◆ **Work instructions**: Beginning with the line that contains "Open concept kitchen, ceramic/tile" and ending with the line that contains "6228 Watford Drive - 物件實景", reproduce the lines of the entries below exactly, omitting pictures.

◆ **Data section**:
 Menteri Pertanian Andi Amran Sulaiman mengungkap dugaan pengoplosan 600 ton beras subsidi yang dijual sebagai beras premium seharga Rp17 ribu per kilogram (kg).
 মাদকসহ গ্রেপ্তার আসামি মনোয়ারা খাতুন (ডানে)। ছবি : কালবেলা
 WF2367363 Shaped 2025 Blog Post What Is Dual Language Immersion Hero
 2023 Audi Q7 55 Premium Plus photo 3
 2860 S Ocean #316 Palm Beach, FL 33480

---

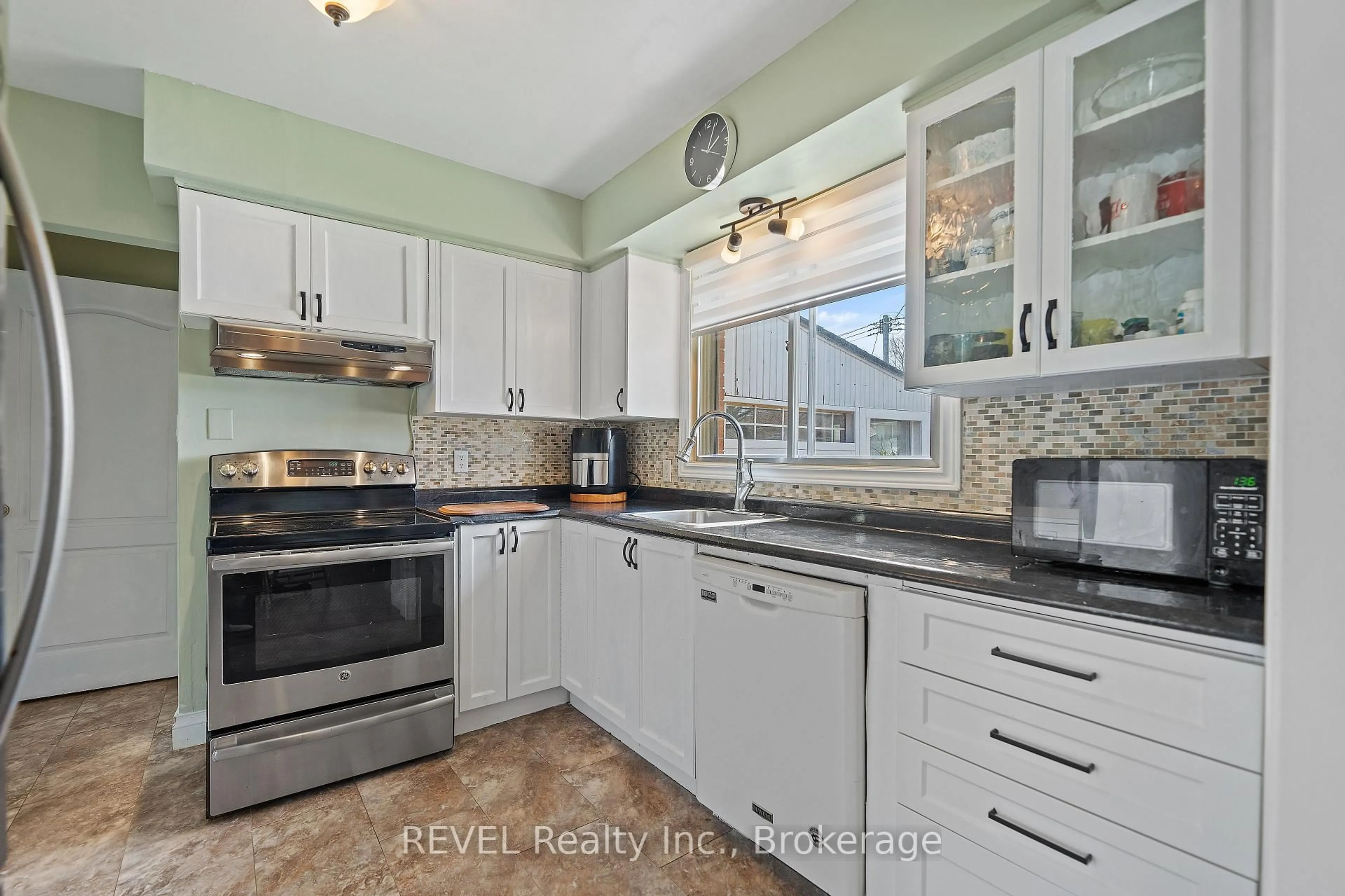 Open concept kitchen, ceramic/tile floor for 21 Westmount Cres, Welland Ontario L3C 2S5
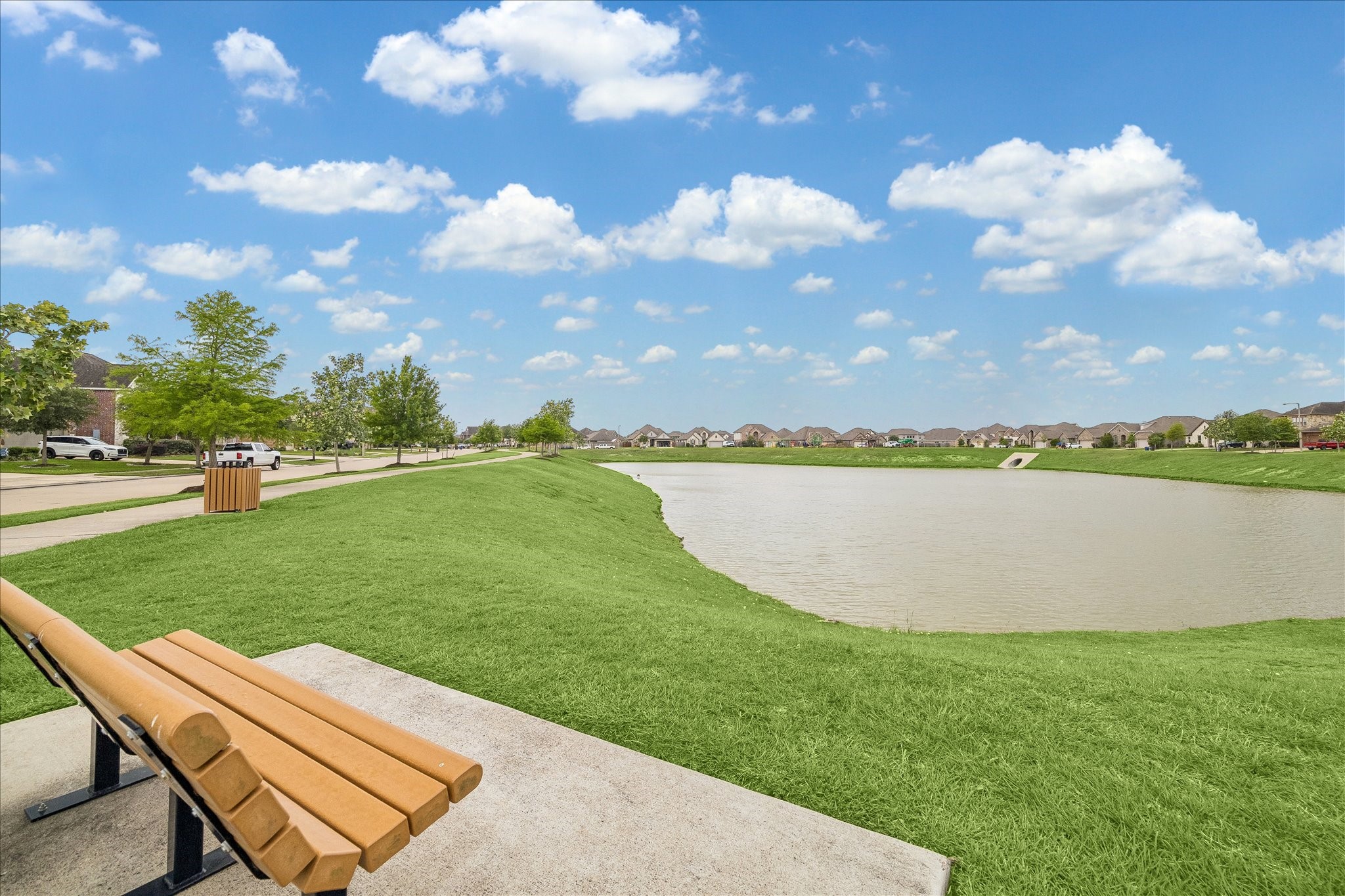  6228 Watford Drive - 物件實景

◆ **Written solution**:
 Open concept kitchen, ceramic/tile floor for 21 Westmount Cres, Welland Ontario L3C 2S5
  6228 Watford Drive - 物件實景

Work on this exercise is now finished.